═══ Stored data

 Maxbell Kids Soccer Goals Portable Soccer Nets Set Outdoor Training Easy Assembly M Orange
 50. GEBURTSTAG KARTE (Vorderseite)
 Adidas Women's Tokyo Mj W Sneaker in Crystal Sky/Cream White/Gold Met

══════
═══ Stored data

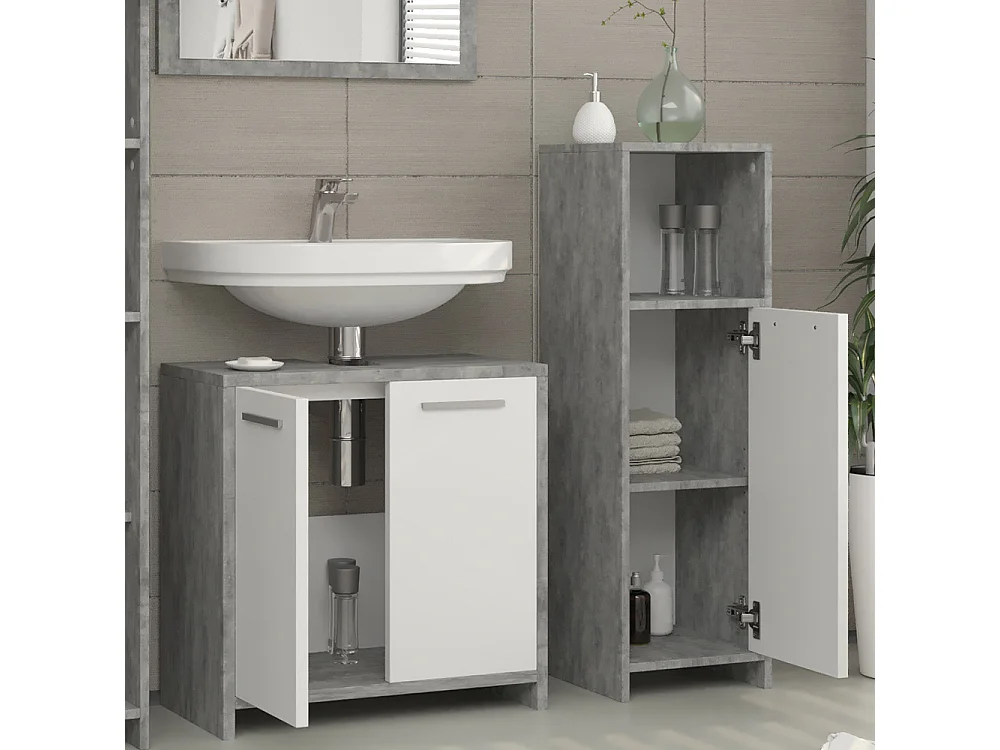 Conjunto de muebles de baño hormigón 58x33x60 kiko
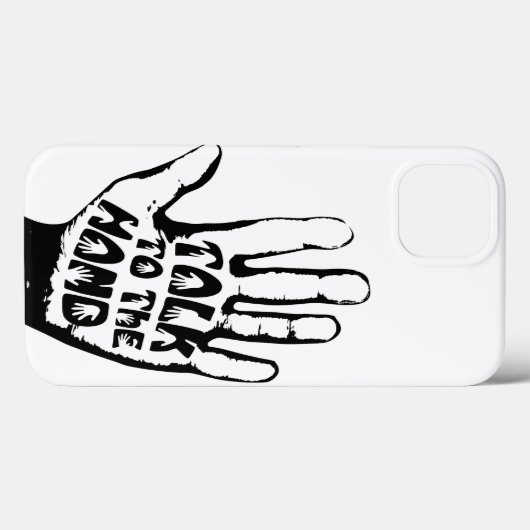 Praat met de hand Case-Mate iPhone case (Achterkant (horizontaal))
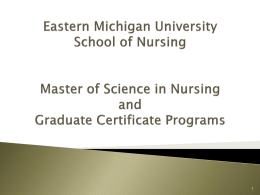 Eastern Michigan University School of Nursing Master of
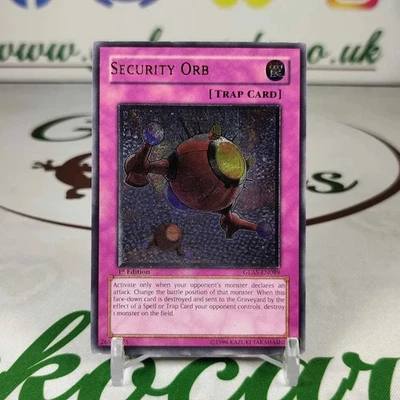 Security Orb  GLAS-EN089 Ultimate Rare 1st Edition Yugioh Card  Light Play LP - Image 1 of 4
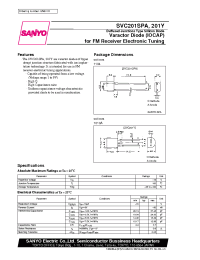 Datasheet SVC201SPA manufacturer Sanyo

══════
═══ Stored data

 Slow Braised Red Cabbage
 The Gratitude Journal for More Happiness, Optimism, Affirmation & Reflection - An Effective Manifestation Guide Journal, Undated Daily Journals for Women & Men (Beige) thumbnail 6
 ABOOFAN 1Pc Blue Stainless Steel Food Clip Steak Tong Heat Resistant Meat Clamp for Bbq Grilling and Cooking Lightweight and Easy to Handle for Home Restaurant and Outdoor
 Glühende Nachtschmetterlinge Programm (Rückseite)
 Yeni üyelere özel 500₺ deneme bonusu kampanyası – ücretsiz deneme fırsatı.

══════

Exercise requirements - Using the data above, print exactly the lines from the line that contains "Maxbell Kids Soccer" through the line that contains "Adidas Women's Tokyo", with both included.

Result of the exercise -
 Maxbell Kids Soccer Goals Portable Soccer Nets Set Outdoor Training Easy Assembly M Orange
 50. GEBURTSTAG KARTE (Vorderseite)
 Adidas Women's Tokyo Mj W Sneaker in Crystal Sky/Cream White/Gold Met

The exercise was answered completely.